When the bodies of dead bandits were displayed as hunting trophies: the battle of Osposidda.

It’s January 1985, and although it is rarely told today, Sardinia during that period was a very dangerous place. Kidnappings, abductions, feuds, silence. It was dangerous to wander in the countryside, dangerous to speak of what should not be spoken, dangerous to be someone whose family had something worth extorting.

It’s 5:30 PM in Osposidda, a harsh and wild countryside between Oliena and Orgosolo. It’s cold, and the severity of the landscape at dusk is softened by the scent of the thyme plants growing there.
Tonino Caggiari, an entrepreneur from Oliena, meets a Fiat 128, a car that forces him to get in and be taken who knows where. Mr. Caggiari is a good man, and it’s the esteem the local people have for him that prompts the people of Oliena to act: first by notifying the authorities, then by contributing to the search.
It had already been the Romans who had failed to overcome the obstacle of the imperious nature of this land, and in the same way, the carabinieri would never have been able to trace the kidnappers without the help of locals, experts in the harsh terrain, as severe as its inhabitants.

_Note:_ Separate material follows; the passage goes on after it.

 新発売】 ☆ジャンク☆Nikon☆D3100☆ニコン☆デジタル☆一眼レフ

Unable to compete with the outlaws on the level of territorial knowledge, the following day began a real intelligence war among the Sardinians: on one side, those who wanted to help Mr. Caggiari, on the other, those supporting the bandits who had kidnapped him. A fair fight that soon turned into an open conflict, where the carabinieri resorted to their only weapon in that context: firearms.

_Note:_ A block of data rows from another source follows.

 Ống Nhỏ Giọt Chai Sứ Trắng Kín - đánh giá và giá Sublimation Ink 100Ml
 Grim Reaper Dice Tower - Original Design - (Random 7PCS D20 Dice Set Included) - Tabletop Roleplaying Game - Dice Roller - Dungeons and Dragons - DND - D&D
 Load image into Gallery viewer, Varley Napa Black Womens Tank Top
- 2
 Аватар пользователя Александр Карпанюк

Caggiari was then released, and the fleeing bandits were found in the countryside of Osposidda, where a shootout broke out and lasted four hours. Four hours, as there were four bandits killed: Giuseppe Mesina, Giovanni Corraine, Salvatore Fais, Nicola Floris. The only victim among the law enforcement was Superintendent Vincenzo Marongiu.

Whether it was really necessary to stain the Mediterranean scrub with blood for four hours remains an open question.

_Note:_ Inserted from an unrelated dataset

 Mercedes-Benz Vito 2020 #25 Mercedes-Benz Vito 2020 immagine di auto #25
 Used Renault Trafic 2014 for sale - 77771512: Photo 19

But when the law enforcement officers transported the bodies of the bandits with sirens and horns blaring, as if they were returning from a successful hunting trip, the true face of those who were supposed to play the role of the “good guys” in this story was revealed: a cruel face, incapable of understanding the tragedy of a community where crime does not arise by chance, but is rooted in deep motivations.

Far from justifying violence, which remains unjustifiable, banditry is the result of centuries of oppression and discrimination that, as history shows, inevitably generate a sick society. But while those who throw stones can always hide their hands, those who receive them do not have the privilege of rebelling in the shadows.

That Mediterranean scrub, stained with blood, continues to sing what Marras still sings today, almost with tears in his eyes:

“Chie bos fachet luttu, mortos de Osposidda?”

Who will mourn you, dead of Osposidda?